Con este ejército, indigno de un cónsul de Roma, Escipión recaló en Hispania en el 134 a.C. En tierras hispanas se encontró con un ejército completamente desmoralizado y entregado a la pereza. Ante la dejadez e indiferencia de los oficiales, los cuarteles fueron ocupados por mercaderes y prostitutas. Escipión puso orden en las descuidadas tropas y cuando consideró que ya estaban preparadas para el combate, marchó contra los vacceos con el propósito de abastecerse de suministros y poner a prueba el correcto adiestramiento de sus legionarios. Una vez superado el examen, Escipión consideró que podría afrontar la verdadera misión que le había encomendado el Senado de Roma: la conquista de Numancia.

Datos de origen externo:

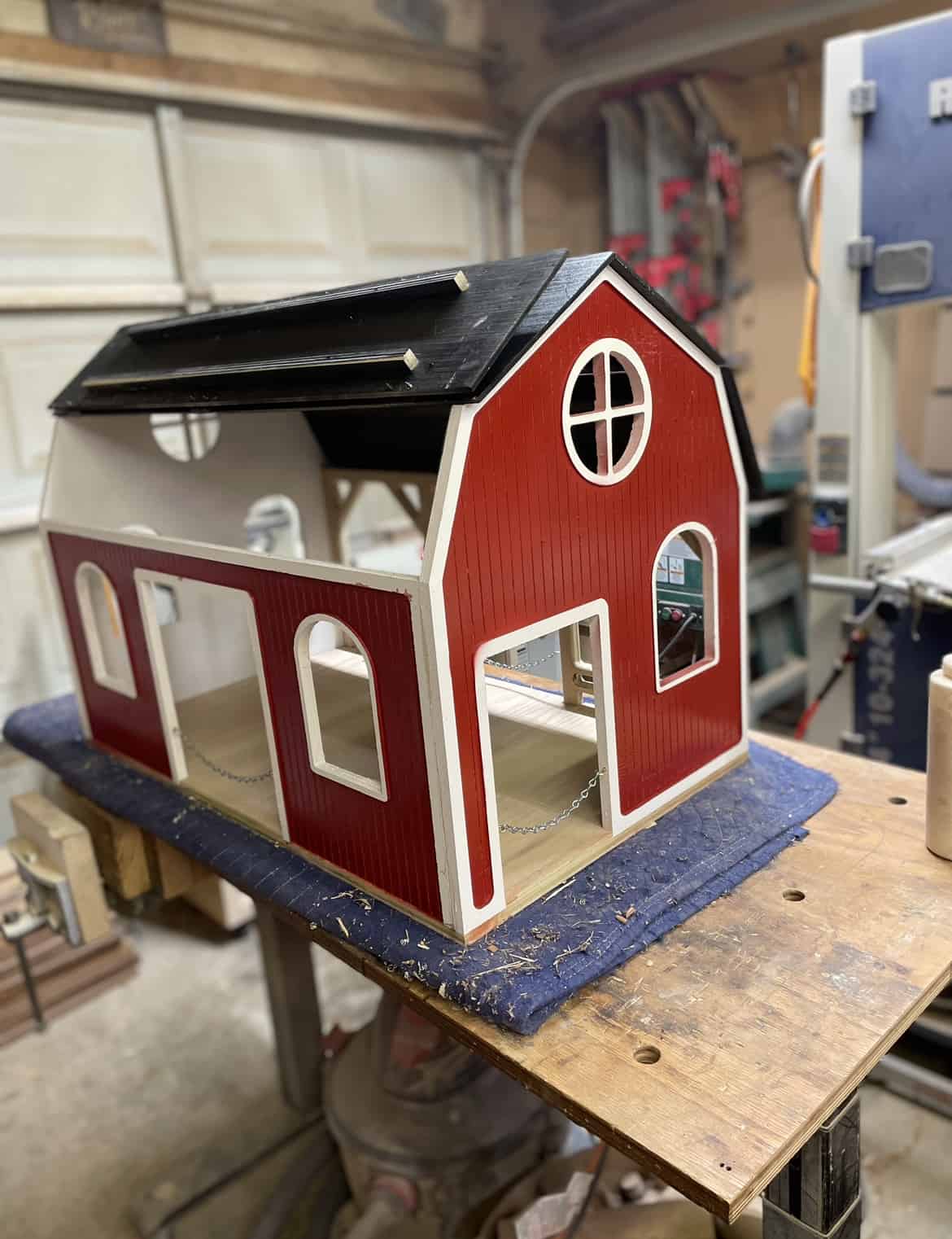 Handmade toy wooden barn. Red siding with black roof. roof lifted open for access. gambrel roof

El asedio comenzó en otoño de ese mismo año. Escipión rehuyó de cualquier enfrentamiento. Estableció dos campamentos principales y cinco secundarios. Construyó un muro de cuatro metros de altura, un foso, empalizadas y bloqueó el río Duero con vigas de hierro que hundió en el lecho. Numancia estaba completamente sitiada. Los numantinos se sentían protegidos dentro de la ciudad y esperaron con paciencia el ataque romano, pero éste no se produjo. La estrategia de Escipión era otra: rendirles de hambre y de sed. Los meses pasaban. El persistente cónsul no cejaba en su empeño de agotar la resistencia de los numantinos. La comida y el agua empezaron a escasear y se produjeron las primeras muertes. Los cadáveres eran devorados por los numantinos más hambrientos o menos aprensivos. Después de quince largos meses de asedio y penurias la ciudad se rindió. Los numantinos cedieron las armas y Escipión les concedió dos días para entregarse. Pasado este tiempo, el cónsul cruzó las murallas, descubriendo un espectáculo desolador. La mayoría de la población había tomado la determinación de suicidarse antes de caer en manos romanas y sus cadáveres se encontraban tirados por las calles. Niños hambrientos deambulaban desorientados y confusos, envueltos en un mar de lágrimas sin entender por qué tal desgracia se cernía sobre ellos. Los pocos supervivientes fueron hechos prisioneros y vendidos como esclavos. Escipión ordenó incendiar la ciudad y reducirla a cenizas, para que sirviera como ejemplo a las ciudades ibéricas que, remotamente, consideraran la temeridad de levantarse en armas contra la todopoderosa Roma. Fueron veinte años de incansable lucha y tenaz resistencia de un pueblo, el numantino, que no pudo ser reducido por medio de las armas, sino del hambre y la sed.